5.2 Misguided world government or another static social equilibrium stops technological progress

One could imagine a fundamentalist religious or ecological movement one day coming to dominate the world. If by that time there are means of making such a world government stable against insurrections (by advanced surveillance or mind-control technologies), this might permanently put a lid on humanity’s potential to develop to a posthuman level. Aldous Huxley’s Brave New World is a well-known scenario of this type [50].

A world government may not be the only form of stable social equilibrium that could permanently thwart progress. Many regions of the world today have great difficulty building institutions that can support high growth. And historically, there are many places where progress stood still or retreated for significant periods of time. Economic and technological progress may not be as inevitable as is appears to us.

6.3 Repressive totalitarian global regime

Similarly, one can imagine that an intolerant world government, based perhaps on mistaken religious or ethical convictions, is formed, is stable, and decides to realize only a very small part of all the good things a posthuman world could contain.

Such a world government could conceivably be formed by a small group of people if they were in control of the first superintelligence and could select its goals. If the superintelligence arises suddenly and becomes powerful enough to take over the world, the posthuman world may reflect only the idiosyncratic values of the owners or designers of this superintelligence. Depending on what those values are, this scenario would count as a shriek.

It is counterproductive to focus only on the well-propagandized model of of AI takeover through FOOM, in the age where AI built on principles radically different from those preferred by FOOM-argument-inventors is undergoing its Cambrian explosion; and in doing so exacerbate those Crunch-type risks. It is unprincipled. Moreover, it's wishful thinking: if only we could guard our asses from this one threat model! Perhaps one type of risk is truly greater than another, in raw probability or expected negative value or both. But just rehashing thought experiments about Seed AI from the 90s won't suffice to prove that the orthodox AI risk is the greater evil.

Now Bostrom himself proposes building a 6.3 regime, and Eliezer helpfully paves the way to it through his alarmism about training of capable models. I say we should at least demand they spell out why the possibility of eternity under their benevolent yoke, or fizzling out due to squandering our chances to expand, is preferable to getting paperclipped.

Because for me it is not so clear-cut.

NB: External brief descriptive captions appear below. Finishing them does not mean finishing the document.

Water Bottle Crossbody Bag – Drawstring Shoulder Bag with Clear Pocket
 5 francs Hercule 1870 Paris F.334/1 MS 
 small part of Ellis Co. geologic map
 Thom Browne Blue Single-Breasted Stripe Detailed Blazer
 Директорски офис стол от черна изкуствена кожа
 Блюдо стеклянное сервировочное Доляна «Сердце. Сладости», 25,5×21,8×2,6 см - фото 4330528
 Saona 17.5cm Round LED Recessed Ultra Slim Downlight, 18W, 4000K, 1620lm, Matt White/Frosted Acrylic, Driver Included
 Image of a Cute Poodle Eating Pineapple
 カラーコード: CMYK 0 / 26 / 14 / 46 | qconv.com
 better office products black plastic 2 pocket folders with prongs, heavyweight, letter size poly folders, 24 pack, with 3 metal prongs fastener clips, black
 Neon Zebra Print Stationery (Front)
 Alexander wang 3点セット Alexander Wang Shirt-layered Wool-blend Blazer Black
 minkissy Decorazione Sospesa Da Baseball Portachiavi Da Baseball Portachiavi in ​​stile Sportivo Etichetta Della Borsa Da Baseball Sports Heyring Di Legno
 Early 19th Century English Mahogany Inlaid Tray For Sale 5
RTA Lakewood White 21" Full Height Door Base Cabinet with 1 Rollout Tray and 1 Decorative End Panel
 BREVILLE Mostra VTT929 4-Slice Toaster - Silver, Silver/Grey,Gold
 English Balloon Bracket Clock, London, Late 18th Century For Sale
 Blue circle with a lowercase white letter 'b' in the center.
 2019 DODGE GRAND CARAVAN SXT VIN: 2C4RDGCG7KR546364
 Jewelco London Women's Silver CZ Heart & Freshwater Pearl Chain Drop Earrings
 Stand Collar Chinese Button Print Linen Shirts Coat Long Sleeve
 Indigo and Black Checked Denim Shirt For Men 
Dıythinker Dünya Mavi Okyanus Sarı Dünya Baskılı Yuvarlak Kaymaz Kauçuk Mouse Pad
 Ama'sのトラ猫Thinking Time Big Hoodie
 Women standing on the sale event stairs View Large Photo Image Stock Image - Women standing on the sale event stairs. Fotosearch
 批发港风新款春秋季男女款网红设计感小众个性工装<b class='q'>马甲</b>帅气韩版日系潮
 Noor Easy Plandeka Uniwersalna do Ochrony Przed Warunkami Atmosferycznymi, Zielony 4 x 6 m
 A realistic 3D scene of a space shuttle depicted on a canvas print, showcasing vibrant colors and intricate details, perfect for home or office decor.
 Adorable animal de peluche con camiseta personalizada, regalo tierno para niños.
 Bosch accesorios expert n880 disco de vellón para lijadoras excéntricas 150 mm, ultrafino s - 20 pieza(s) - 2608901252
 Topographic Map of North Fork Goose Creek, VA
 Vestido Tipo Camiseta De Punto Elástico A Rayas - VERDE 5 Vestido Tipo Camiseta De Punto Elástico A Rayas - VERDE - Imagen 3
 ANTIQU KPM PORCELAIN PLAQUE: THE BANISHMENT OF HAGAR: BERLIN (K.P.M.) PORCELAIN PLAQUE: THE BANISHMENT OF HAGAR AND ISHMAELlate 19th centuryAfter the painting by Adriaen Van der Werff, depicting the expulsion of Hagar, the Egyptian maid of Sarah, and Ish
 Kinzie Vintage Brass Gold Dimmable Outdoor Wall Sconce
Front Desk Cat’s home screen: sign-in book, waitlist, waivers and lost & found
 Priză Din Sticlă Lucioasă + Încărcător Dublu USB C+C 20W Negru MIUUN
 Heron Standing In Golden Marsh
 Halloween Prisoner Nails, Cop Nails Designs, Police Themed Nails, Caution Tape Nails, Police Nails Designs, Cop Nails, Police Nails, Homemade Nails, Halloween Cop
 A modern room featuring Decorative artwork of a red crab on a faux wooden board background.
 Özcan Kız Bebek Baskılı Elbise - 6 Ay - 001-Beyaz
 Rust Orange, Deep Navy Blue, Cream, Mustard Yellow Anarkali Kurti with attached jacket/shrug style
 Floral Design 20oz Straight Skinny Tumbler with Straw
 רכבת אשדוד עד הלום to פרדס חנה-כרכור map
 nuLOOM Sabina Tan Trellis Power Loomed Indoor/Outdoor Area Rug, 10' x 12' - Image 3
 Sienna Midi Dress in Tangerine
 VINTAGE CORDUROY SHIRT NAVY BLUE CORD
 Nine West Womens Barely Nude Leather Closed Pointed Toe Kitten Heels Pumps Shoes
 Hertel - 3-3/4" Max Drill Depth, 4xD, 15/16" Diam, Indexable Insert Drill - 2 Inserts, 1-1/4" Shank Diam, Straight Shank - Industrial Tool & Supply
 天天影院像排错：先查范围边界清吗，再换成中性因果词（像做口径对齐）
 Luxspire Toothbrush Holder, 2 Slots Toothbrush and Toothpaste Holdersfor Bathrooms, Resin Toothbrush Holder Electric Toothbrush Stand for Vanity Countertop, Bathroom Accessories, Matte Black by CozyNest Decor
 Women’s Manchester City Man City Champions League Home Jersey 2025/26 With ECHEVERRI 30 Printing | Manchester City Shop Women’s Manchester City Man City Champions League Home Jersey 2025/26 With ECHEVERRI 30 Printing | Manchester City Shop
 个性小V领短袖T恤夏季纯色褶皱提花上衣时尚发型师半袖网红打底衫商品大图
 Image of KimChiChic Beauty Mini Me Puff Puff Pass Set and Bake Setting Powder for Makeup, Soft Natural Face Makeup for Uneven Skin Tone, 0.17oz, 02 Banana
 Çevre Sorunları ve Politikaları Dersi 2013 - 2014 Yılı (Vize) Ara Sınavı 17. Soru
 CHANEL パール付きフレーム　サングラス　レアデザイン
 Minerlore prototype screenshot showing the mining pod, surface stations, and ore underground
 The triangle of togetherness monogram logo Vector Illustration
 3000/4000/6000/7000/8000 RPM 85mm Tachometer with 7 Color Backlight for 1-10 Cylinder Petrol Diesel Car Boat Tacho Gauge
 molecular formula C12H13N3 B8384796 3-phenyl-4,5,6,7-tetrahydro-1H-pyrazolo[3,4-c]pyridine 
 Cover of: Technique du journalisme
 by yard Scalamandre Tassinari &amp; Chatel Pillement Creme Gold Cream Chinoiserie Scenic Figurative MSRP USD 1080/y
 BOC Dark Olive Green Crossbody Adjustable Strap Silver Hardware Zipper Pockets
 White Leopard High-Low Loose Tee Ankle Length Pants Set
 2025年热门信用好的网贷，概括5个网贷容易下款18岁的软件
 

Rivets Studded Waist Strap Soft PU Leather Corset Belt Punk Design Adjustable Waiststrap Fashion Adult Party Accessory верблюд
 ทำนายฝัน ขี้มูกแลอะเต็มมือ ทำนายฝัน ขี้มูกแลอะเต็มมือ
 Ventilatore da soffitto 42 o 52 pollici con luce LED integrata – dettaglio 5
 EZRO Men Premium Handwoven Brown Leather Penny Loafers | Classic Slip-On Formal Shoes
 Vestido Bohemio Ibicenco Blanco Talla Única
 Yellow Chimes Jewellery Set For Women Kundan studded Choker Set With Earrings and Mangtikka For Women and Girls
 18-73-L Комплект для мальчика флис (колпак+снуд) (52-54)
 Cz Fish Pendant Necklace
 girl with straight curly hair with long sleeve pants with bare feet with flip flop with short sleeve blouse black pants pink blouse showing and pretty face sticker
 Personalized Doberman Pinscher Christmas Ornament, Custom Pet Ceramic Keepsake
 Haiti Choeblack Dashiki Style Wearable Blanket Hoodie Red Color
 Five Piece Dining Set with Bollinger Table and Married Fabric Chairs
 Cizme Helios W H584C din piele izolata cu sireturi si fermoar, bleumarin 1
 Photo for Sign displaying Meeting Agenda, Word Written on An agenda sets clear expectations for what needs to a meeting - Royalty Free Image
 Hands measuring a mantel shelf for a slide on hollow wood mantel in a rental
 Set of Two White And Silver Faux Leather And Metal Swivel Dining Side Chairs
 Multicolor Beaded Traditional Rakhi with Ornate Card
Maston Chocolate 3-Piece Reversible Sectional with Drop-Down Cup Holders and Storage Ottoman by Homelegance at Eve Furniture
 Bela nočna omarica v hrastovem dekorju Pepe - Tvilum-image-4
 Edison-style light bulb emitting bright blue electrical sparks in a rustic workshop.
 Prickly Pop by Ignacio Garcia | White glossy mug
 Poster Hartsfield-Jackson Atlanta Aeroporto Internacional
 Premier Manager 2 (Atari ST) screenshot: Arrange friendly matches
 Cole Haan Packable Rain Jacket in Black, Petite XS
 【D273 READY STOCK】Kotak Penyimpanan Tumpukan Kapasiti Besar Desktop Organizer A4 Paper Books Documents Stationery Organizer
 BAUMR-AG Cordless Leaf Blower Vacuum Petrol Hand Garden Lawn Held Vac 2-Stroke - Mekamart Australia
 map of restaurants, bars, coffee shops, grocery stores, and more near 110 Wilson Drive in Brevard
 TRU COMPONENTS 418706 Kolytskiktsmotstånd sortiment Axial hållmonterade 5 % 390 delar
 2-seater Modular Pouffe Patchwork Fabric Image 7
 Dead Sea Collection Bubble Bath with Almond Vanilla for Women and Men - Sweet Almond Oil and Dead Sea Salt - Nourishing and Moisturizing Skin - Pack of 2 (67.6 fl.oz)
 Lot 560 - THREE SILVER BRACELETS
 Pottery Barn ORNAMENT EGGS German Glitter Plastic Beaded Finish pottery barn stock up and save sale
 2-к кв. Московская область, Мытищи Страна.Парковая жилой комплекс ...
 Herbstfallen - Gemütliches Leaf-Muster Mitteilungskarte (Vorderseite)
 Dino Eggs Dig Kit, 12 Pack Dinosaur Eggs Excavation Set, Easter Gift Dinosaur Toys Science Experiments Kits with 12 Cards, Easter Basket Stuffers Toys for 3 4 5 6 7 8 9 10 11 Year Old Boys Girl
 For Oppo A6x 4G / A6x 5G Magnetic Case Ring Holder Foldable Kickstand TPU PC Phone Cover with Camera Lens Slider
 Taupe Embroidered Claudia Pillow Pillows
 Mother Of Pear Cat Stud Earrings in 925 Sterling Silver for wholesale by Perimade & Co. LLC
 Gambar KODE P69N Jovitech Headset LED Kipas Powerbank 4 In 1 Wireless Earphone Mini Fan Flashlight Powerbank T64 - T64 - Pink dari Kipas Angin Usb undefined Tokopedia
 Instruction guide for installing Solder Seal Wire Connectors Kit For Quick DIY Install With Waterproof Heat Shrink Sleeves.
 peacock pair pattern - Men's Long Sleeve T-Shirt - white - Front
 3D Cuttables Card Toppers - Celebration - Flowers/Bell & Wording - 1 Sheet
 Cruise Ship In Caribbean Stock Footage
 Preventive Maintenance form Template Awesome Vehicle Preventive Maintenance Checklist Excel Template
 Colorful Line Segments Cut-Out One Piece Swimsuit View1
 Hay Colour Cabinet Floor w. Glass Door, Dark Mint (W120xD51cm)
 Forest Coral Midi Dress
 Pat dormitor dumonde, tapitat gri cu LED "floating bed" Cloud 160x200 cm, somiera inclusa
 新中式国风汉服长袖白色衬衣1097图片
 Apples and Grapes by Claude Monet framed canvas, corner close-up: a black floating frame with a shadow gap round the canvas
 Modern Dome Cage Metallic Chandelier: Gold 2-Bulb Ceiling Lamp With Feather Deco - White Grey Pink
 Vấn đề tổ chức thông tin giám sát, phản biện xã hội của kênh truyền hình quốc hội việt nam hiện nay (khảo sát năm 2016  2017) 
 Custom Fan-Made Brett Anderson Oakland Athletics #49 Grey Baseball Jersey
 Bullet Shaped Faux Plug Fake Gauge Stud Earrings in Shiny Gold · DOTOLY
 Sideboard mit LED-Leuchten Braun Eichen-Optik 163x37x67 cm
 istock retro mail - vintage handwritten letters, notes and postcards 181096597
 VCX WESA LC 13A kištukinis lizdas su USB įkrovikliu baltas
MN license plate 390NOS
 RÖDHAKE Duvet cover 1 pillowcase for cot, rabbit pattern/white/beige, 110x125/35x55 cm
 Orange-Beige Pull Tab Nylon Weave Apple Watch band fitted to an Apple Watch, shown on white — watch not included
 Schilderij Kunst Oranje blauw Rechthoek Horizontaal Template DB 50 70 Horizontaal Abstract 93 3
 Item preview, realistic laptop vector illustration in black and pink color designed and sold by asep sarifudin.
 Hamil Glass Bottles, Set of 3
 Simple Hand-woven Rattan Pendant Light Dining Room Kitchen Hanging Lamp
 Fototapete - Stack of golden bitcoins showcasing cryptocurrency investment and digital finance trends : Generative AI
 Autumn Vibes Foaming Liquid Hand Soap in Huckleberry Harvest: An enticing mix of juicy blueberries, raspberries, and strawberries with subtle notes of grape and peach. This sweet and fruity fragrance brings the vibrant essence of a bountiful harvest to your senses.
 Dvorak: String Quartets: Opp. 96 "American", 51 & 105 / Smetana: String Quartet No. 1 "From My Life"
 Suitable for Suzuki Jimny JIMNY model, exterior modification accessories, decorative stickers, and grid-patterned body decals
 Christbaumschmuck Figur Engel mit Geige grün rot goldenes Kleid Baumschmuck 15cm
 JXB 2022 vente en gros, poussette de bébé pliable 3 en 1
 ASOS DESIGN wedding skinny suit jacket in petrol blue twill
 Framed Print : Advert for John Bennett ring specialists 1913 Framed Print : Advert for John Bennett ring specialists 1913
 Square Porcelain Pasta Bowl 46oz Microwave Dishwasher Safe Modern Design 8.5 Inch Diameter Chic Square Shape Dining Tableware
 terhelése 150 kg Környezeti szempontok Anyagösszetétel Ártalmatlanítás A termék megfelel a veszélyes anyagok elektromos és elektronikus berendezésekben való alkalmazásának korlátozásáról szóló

And be aware that we can fizzle out. I've argued about this here. We evidently have more than one chance to build an «aligned» (or as I'd rather have it, no-alignment-needed) AGI. We don't have infinite time for globohomo committees to surmount their perverse incentives, discover the true name of God through the game of musical chairs at Davos and immanentize Dath Ilan before proceeding to build said AGI – nor, I'd say, very good odds at aligning those committees to play the game in our interest.